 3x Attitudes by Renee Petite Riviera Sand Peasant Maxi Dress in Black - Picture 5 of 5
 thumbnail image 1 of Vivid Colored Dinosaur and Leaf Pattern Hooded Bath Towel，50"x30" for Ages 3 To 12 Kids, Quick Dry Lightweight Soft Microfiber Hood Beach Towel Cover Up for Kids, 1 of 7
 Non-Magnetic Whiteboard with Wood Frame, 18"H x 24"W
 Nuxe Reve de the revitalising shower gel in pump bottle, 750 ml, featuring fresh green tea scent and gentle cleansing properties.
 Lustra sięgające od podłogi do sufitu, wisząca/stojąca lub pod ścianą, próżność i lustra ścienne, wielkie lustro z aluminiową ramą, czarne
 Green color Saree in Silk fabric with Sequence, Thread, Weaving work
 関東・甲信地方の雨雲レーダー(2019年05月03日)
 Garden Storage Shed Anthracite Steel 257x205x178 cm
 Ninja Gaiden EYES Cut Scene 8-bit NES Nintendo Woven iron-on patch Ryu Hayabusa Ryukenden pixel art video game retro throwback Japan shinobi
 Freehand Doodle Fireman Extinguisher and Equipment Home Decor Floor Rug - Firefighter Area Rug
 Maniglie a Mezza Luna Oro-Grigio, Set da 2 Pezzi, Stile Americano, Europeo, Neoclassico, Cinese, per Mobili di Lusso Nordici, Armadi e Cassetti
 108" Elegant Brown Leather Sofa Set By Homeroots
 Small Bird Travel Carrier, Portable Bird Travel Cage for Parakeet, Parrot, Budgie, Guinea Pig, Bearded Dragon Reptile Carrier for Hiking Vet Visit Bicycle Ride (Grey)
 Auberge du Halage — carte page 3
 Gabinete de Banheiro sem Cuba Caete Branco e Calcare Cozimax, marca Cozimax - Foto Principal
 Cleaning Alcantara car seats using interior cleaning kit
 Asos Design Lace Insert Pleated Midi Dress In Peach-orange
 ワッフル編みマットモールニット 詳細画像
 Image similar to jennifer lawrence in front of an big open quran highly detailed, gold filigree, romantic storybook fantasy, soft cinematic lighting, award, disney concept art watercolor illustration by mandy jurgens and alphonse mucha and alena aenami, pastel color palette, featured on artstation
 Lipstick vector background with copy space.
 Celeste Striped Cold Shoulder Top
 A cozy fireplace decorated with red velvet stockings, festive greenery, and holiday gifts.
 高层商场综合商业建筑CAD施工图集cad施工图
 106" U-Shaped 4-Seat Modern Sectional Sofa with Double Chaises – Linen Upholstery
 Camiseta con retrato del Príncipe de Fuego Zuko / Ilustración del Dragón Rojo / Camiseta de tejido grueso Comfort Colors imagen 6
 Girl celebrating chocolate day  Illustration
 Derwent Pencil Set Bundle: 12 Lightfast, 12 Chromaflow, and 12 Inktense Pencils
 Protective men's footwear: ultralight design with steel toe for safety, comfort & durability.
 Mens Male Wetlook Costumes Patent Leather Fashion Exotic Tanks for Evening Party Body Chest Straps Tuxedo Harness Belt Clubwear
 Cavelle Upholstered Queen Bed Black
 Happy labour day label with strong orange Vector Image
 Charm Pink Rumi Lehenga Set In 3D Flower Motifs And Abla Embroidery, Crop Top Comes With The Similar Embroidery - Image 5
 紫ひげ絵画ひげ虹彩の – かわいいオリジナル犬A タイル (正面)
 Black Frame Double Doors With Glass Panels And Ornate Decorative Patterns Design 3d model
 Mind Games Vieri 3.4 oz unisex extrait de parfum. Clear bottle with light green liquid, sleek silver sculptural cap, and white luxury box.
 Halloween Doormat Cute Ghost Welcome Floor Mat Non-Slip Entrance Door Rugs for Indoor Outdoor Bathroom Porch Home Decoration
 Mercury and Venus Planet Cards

▬▬▬▬▬▬▬▬▬▬

Problem to solve: Nothing should appear in the answer except the lines above from the line with "Asos Design Lace" through the line with "Happy labour day", both included, written out exactly.

Your solution:
 Asos Design Lace Insert Pleated Midi Dress In Peach-orange
 ワッフル編みマットモールニット 詳細画像
 Image similar to jennifer lawrence in front of an big open quran highly detailed, gold filigree, romantic storybook fantasy, soft cinematic lighting, award, disney concept art watercolor illustration by mandy jurgens and alphonse mucha and alena aenami, pastel color palette, featured on artstation
 Lipstick vector background with copy space.
 Celeste Striped Cold Shoulder Top
 A cozy fireplace decorated with red velvet stockings, festive greenery, and holiday gifts.
 高层商场综合商业建筑CAD施工图集cad施工图
 106" U-Shaped 4-Seat Modern Sectional Sofa with Double Chaises – Linen Upholstery
 Camiseta con retrato del Príncipe de Fuego Zuko / Ilustración del Dragón Rojo / Camiseta de tejido grueso Comfort Colors imagen 6
 Girl celebrating chocolate day  Illustration
 Derwent Pencil Set Bundle: 12 Lightfast, 12 Chromaflow, and 12 Inktense Pencils
 Protective men's footwear: ultralight design with steel toe for safety, comfort & durability.
 Mens Male Wetlook Costumes Patent Leather Fashion Exotic Tanks for Evening Party Body Chest Straps Tuxedo Harness Belt Clubwear
 Cavelle Upholstered Queen Bed Black
 Happy labour day label with strong orange Vector Image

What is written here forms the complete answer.